2004-11-09

stillsostrange: (Default)
2004-11-09 01:03 am

I need reading slaves!

The (lesbian) unagi didn't kill me. And it was pretty tasty (undead love). Hurrah for cheap (were-horse smut) sushi!

After a particularly nasty fight with the suck monkey and a pep talk with the lovely and virtuous [livejournal.com profile] katallen, I broke down and posted the 1st chapter of Dreams to the OWW again. I know most people wanted to read the draft all at once, but I'd really like some feedback on the middle chapters before the monkey drives me to ritual suicide. If you hate reading segments on the 'shop, ignore it and wait for the draft. I will love you either way.

How does one acquire reading slaves, anyway? Do I need ferrets?

Progress tonight:
I rewrote roughly 1500 words, but the total word count didn't change by much.

Excercise: weights
Stimulants/comfort food: cookies & cream ice cream
Mammalian assistance: the boy is in SA, and the cats are banned from the bedroom

Starfish continues to rock like a rocking (cold fish sex) thing.
stillsostrange: (Default)
2004-11-09 02:34 pm

Book Report

Starfish, by Peter Watts

Oh the Shiny, oh the good.

I cannot remember the last time I read a book and never once felt the urge to grab a red pen. Never once thought that's clunky. Never once wanted to underline or mark through or generally destroy at least one sentence. This Golden Age of reading fell before I started workshopping, critting, writing and rewriting and picking through everything I read like a vulture (or a lit student, but is there really a difference?).

I'm not sure I've ever seen prose as clean as Watts'. Nothing wasted, no scaffolding, nothing cluttering up the flow of words, sentences, story.

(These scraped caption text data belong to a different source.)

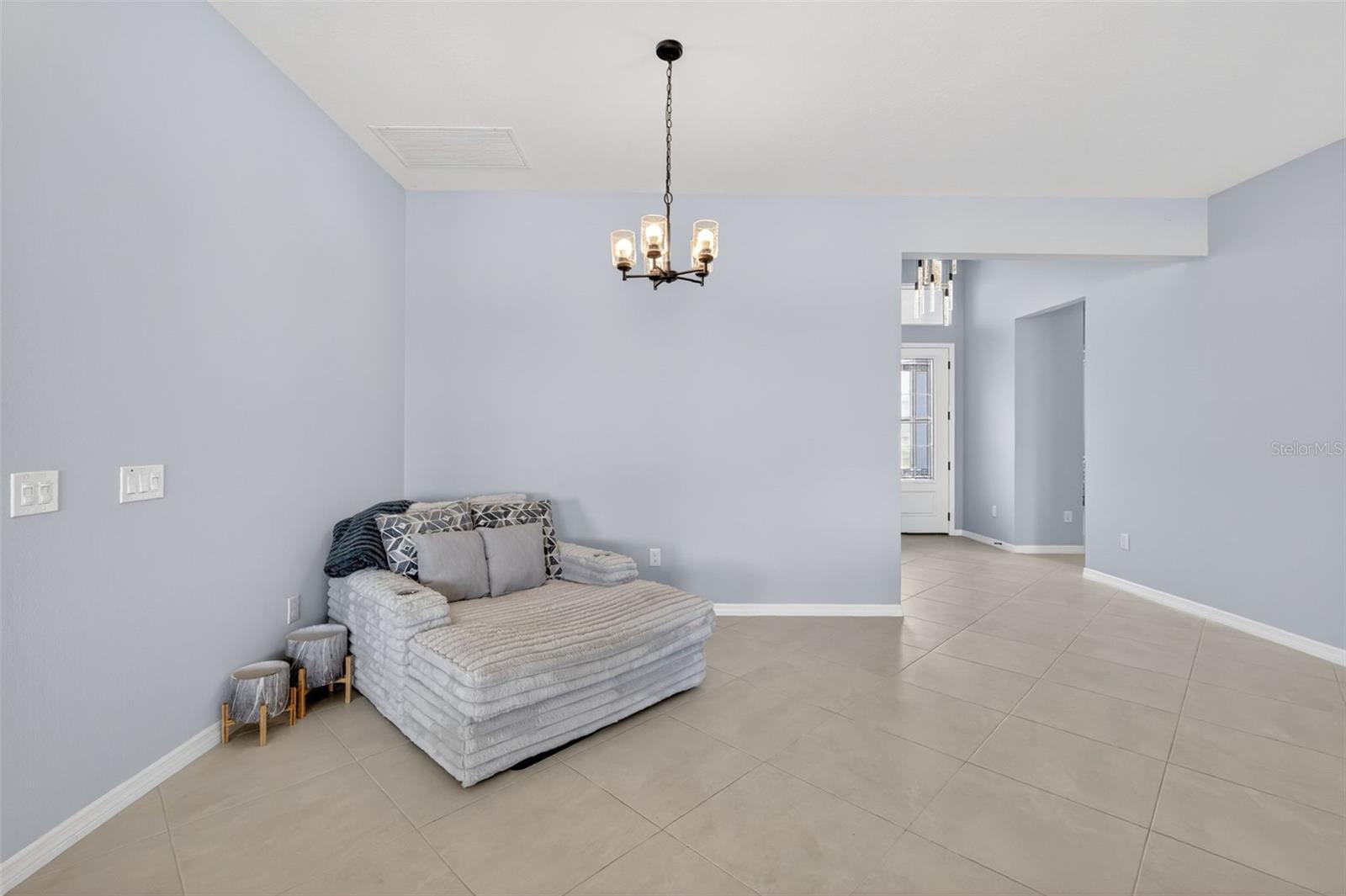 Image 9 of 40 For 1695 Mcmurtrie Loop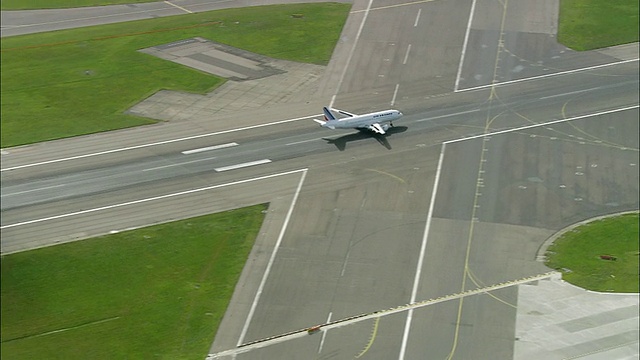 法国航空公司一架飞机在英国伦敦希思罗机场降落视频下载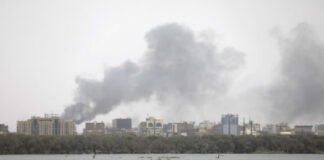 Prosiguen los bombardeos en Jartum pese al acuerdo humanitario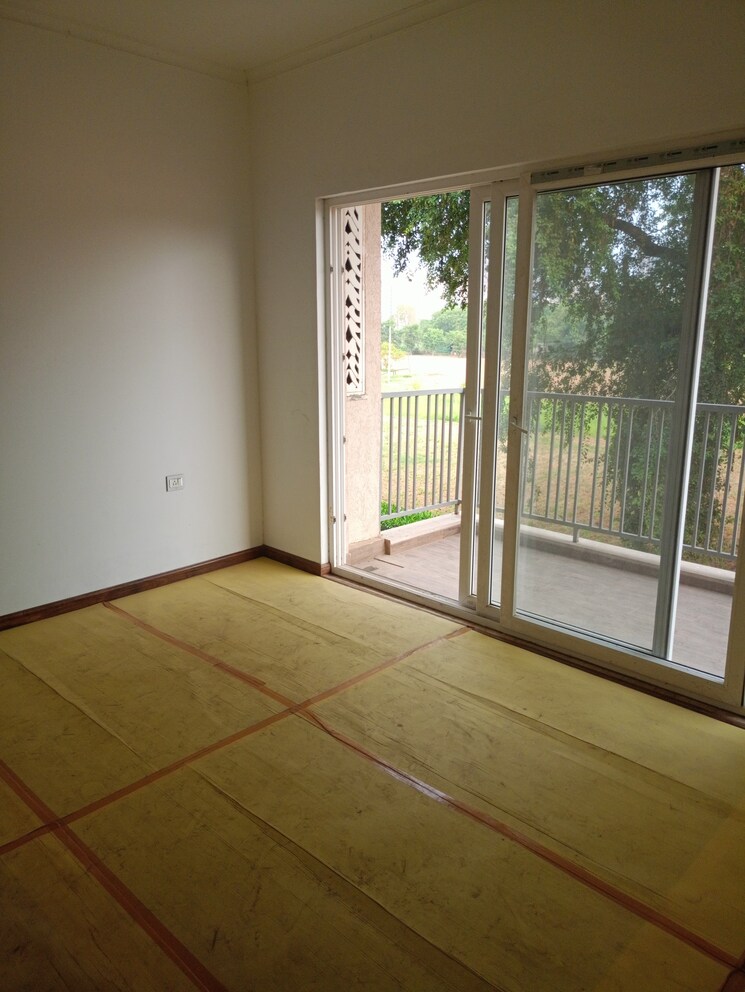 Room, orris-woodview-residencies 3 Bedroom 300 Sq.Yd. Apartment In Sector 89 Gurgaon 8673103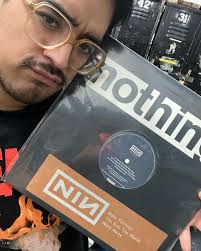 Look at this guy he doesn't even know how to pose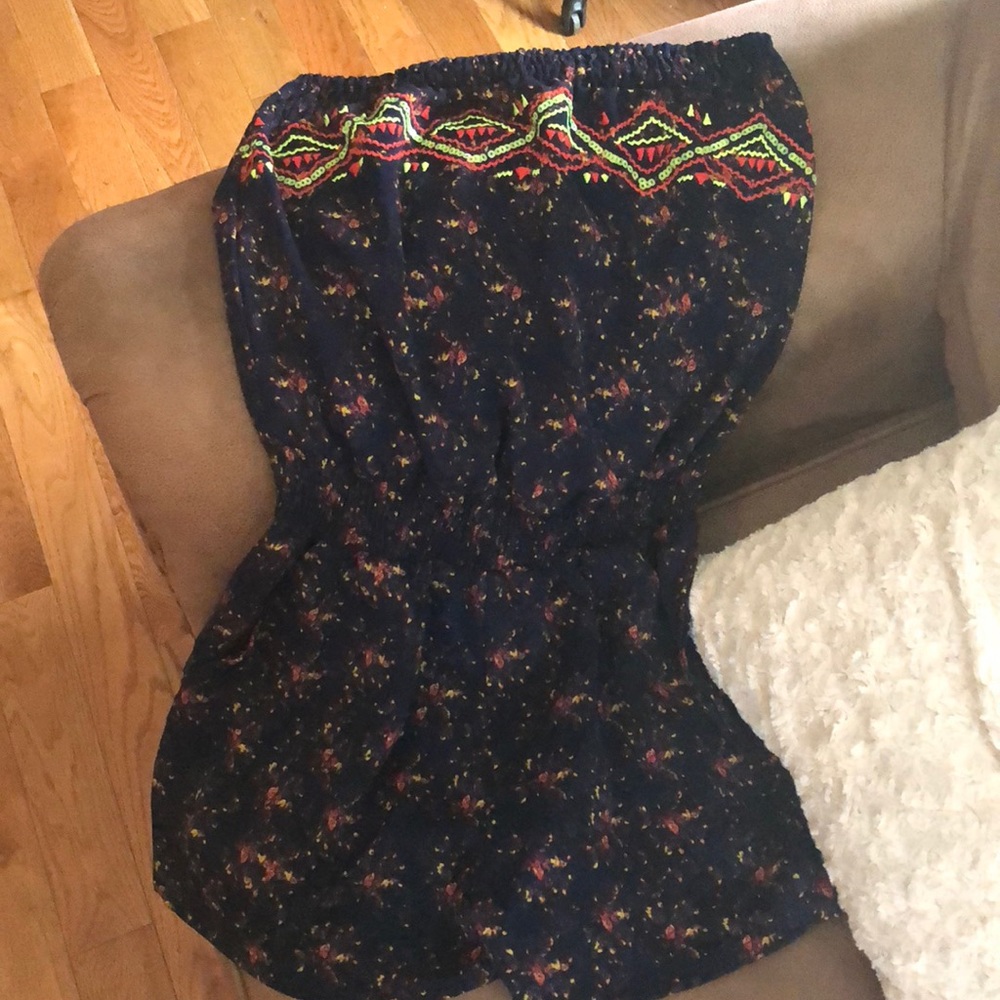 Strapless romper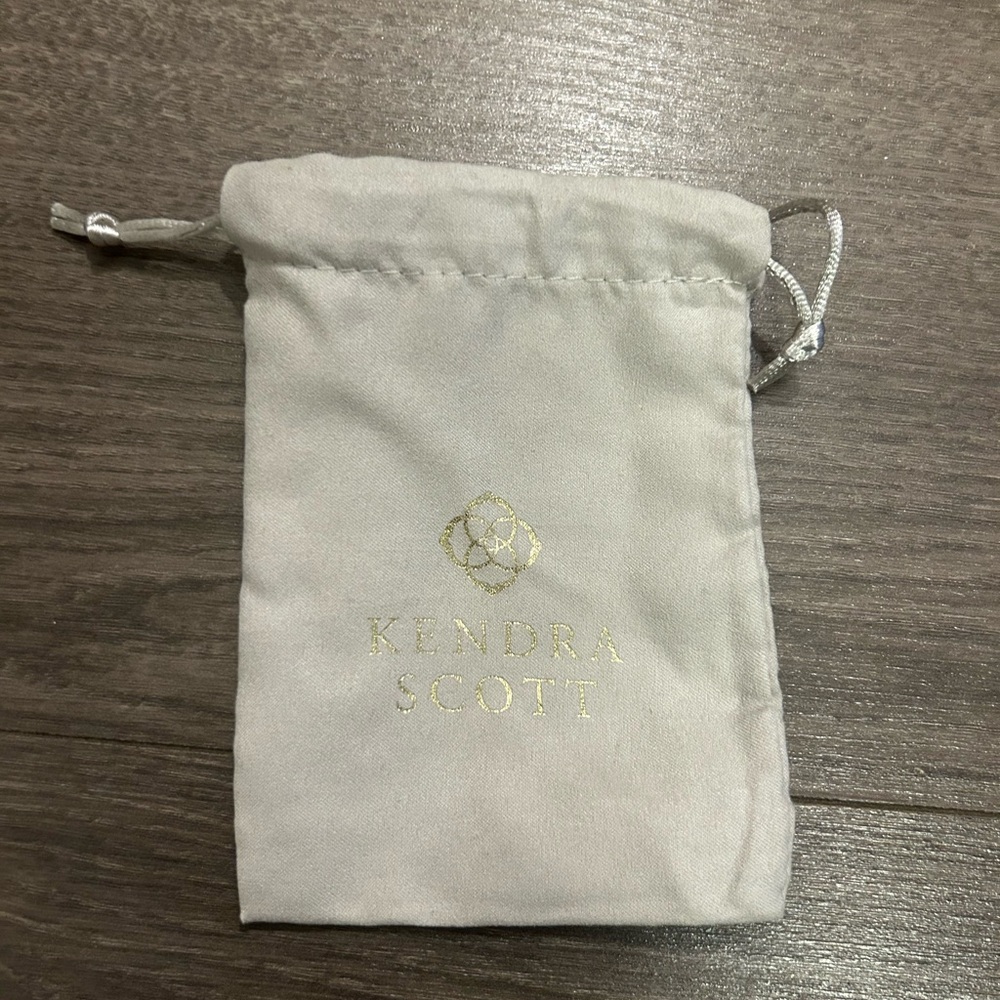 Kendra Scott Letter K Pendant Necklace in Gold + Dust Bag - Picture 4 of 4
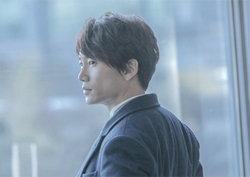 "사람이야, 조각이야?" <킬미힐미> 지성, '그림같은 스틸컷'!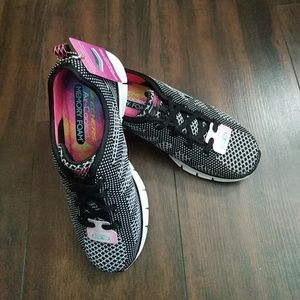 New Sketchers flex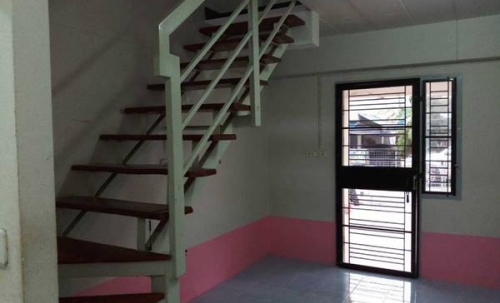 ให้เช่าบ้าน 2ชั้น โคราช ราคาถูก โครงการ เอื้ออาทรโชคชัย อ.โชคชัย จ.นครราชสีมา พร้อมแอร์ ใกล้มหาวิทยาลัยรามคำแหง โทร 080-6354406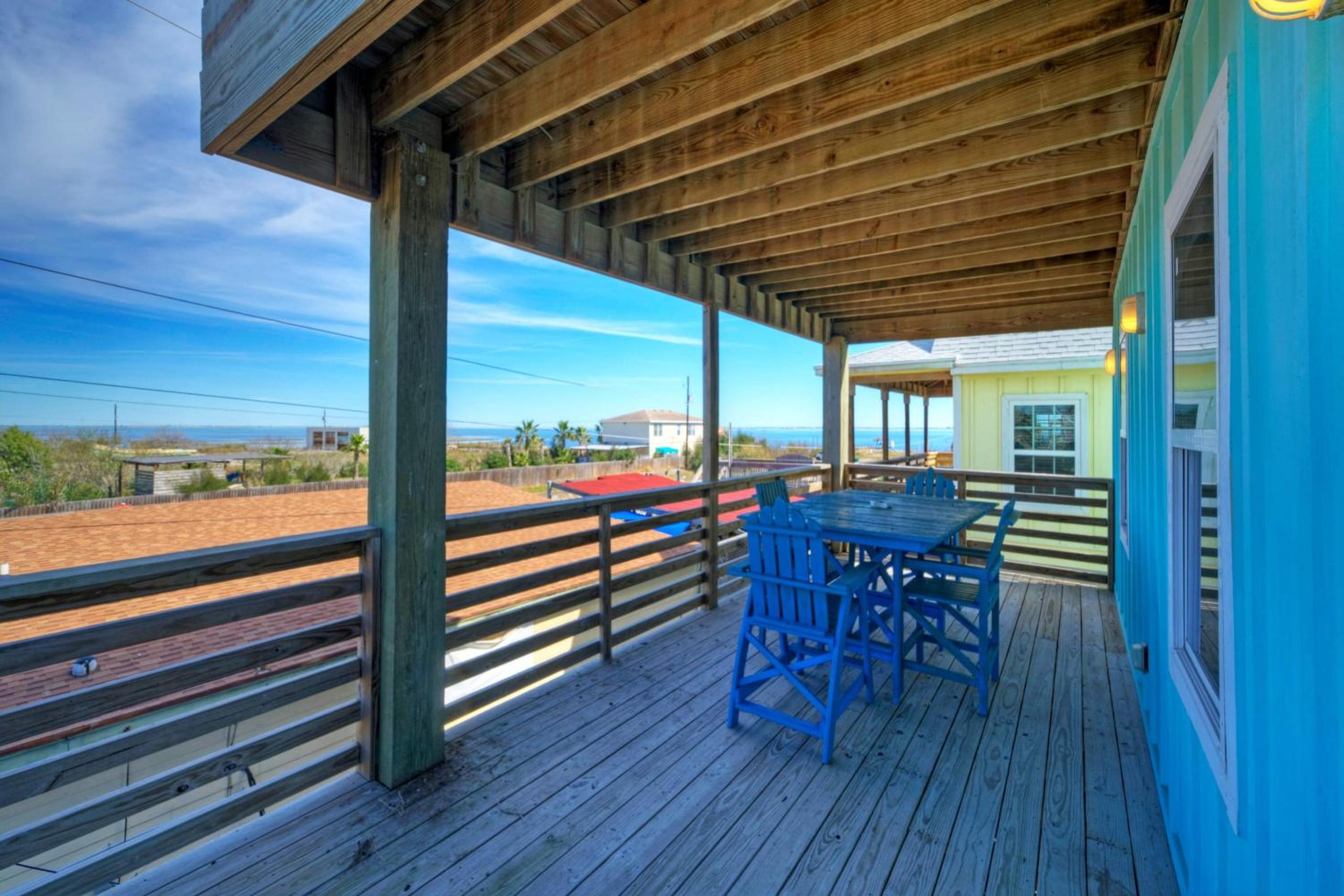 6BDR Bay Haven w Shared Waterfront Pool Boat Dock Keeper Trout by AvantStay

But the economy loses nothing of description or characterization. I hear metal groan under atmospheres of pressure, feel the cold and the heat, the weight and buoyancy of the water. I feel that chemical rush when a light cuts through the dark and you see teeth. The characters make me hurt in all the right places.

So, um, yeah--I like it lots. A report on Maelstrom will hopefully follow soon.